C’est le titre de la boite
Echange automatique
Finances. Le projet de loi 77.19 est un texte en vertu duquel le pays donne son assentiment à l’accord multilatéral entre les autorités compétentes pour l’échange automatique de renseignements relatifs aux comptes financiers, signé par le Maroc le 25 juin 2019. Cet accord constitue un cadre juridique à caractère international régissant un ensemble de bases et de normes entre les pays parties afin de promouvoir l’obligation fiscale et lutter contre l’évasion fiscale à travers l’approfondissement de leurs relations en matière de taxes réciproques.
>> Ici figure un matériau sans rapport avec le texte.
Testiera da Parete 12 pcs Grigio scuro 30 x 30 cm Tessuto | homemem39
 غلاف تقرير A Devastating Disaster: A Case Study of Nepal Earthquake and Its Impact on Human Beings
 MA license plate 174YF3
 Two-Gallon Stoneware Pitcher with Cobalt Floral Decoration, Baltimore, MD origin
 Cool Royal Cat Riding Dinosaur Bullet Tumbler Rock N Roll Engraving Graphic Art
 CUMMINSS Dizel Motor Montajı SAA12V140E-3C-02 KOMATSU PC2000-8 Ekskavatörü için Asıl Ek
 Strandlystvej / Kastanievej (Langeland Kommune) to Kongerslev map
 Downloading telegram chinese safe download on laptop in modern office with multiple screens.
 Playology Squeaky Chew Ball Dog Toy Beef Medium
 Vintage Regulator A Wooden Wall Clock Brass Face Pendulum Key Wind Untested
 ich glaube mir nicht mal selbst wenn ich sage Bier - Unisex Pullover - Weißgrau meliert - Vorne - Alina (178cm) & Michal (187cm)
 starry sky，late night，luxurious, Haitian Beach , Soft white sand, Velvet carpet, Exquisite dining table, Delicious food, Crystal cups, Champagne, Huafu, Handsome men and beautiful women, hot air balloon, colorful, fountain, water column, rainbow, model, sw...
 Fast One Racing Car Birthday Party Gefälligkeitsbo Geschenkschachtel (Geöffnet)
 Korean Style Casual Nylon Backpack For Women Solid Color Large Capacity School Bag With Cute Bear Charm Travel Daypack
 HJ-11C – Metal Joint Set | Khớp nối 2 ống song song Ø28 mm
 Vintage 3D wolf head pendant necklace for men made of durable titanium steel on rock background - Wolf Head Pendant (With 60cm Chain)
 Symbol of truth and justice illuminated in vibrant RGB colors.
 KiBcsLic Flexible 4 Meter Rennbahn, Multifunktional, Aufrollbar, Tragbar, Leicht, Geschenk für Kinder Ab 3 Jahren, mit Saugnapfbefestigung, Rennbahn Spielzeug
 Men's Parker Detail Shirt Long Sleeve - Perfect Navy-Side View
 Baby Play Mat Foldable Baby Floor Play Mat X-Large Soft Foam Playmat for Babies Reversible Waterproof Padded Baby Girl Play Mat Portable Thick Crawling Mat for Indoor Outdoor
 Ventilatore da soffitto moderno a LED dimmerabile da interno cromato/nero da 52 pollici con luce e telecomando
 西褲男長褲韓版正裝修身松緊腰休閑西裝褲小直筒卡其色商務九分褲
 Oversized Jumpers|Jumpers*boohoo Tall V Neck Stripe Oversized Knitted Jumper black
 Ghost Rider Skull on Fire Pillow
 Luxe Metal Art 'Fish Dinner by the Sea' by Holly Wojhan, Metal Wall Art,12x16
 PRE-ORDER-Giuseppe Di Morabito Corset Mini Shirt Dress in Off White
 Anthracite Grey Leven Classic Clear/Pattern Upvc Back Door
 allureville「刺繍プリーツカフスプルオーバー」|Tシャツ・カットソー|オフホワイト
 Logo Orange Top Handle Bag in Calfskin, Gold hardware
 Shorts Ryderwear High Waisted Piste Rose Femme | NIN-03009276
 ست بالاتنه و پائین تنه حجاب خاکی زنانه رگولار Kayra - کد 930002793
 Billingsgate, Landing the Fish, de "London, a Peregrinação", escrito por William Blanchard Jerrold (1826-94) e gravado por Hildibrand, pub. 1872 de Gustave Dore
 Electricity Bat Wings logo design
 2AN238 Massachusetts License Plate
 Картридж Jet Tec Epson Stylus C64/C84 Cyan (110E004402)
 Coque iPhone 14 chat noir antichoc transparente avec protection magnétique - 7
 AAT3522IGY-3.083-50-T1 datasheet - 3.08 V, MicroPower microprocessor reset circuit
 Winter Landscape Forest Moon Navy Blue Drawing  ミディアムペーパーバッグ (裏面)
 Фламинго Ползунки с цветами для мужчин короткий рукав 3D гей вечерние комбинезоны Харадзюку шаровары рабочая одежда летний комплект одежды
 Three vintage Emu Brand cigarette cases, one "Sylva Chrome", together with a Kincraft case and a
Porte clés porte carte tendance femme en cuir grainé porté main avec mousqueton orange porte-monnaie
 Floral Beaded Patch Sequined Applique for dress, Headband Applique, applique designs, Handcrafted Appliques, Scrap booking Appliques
L’accord puise sa référence dans les dispositions de la convention concernant l’assistance administrative mutuelle en matière fiscale qui autorise deux parties ou plus à procéder à l’échange automatique des renseignements à des fins fiscales, via leurs autorités compétentes. Il faut préciser que le Maroc avait également signé la convention multilatérale pour la mise en œuvre des mesures relatives aux conventions fiscales pour prévenir l’érosion de la base d’imposition et le transfert de bénéfices, adoptée à Paris le 24 novembre 2016. C’est le fameux BEPS de l’OCDE qui est un cadre réglementaire réalisé sous l’égide de l’OCDE et du G20. Ce cadre crée, dans le domaine de la fiscalité internationale, un ensemble unique de règles pour protéger l’assiette imposable tout en offrant aux contribuables une prévisibilité et une certitude accrues. Au total, 15 actions ont été identifiées pour équiper les gouvernements d’instruments nationaux et internationaux pour lutter contre l’évasion fiscale en s’assurant que les profits soient taxés à l’endroit même où ceux-ci sont générés et où a lieu la création de valeur. Il s’agit notamment d’élaborer des dispositions conventionnelles type et des recommandations relatives à la conception de règles nationales visant à neutraliser les effets d’instruments et d’entités hybrides (double non-taxation, double déduction, report à long terme). Il est question, en outre, de refonder les travaux relatifs aux pratiques fiscales dommageables en donnant la priorité à l’amélioration de la transparence, notamment par le biais de l’échange spontané obligatoire de renseignements sur les décisions relatives à des régimes préférentiels.